Output exactly the lines of the listing below that run from the line with "a view of a" through the line with "and orange flowers". No pictures.

--- DATA RECORDS Enclosed Below ---

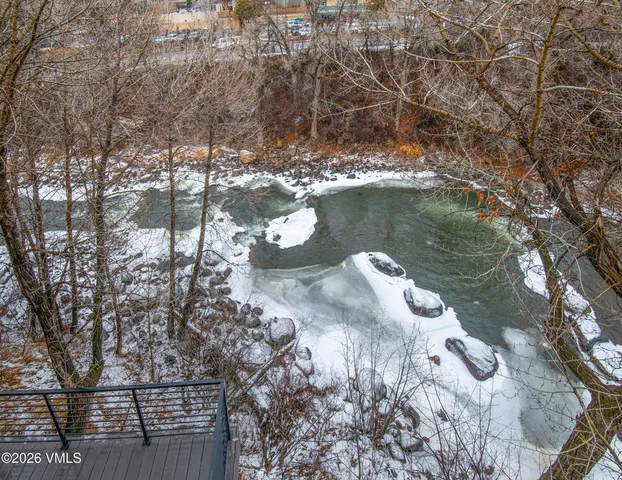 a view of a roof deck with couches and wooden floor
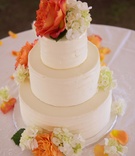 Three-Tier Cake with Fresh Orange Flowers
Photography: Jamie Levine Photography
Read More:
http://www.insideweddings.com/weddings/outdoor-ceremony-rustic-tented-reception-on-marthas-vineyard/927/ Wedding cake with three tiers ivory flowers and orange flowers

--- End of Enclosed DATA RECORDS ---
--- DATA RECORDS Enclosed Below ---

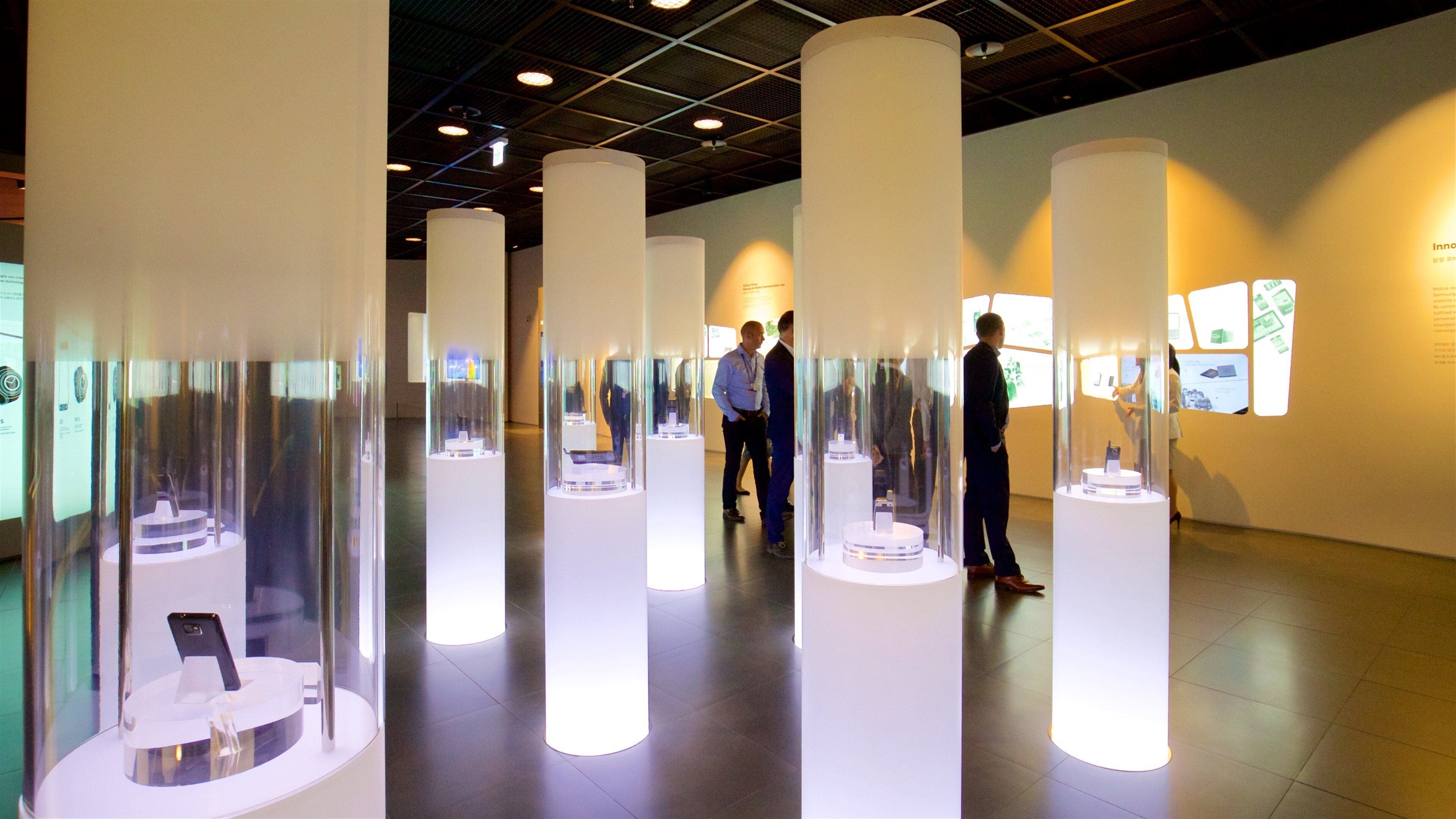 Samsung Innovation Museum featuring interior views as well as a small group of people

--- End of Enclosed DATA RECORDS ---

■ RESPONSE AREA:
 a view of a roof deck with couches and wooden floor
 Three-Tier Cake with Fresh Orange Flowers
Photography: Jamie Levine Photography
Read More:
http://www.insideweddings.com/weddings/outdoor-ceremony-rustic-tented-reception-on-marthas-vineyard/927/ Wedding cake with three tiers ivory flowers and orange flowers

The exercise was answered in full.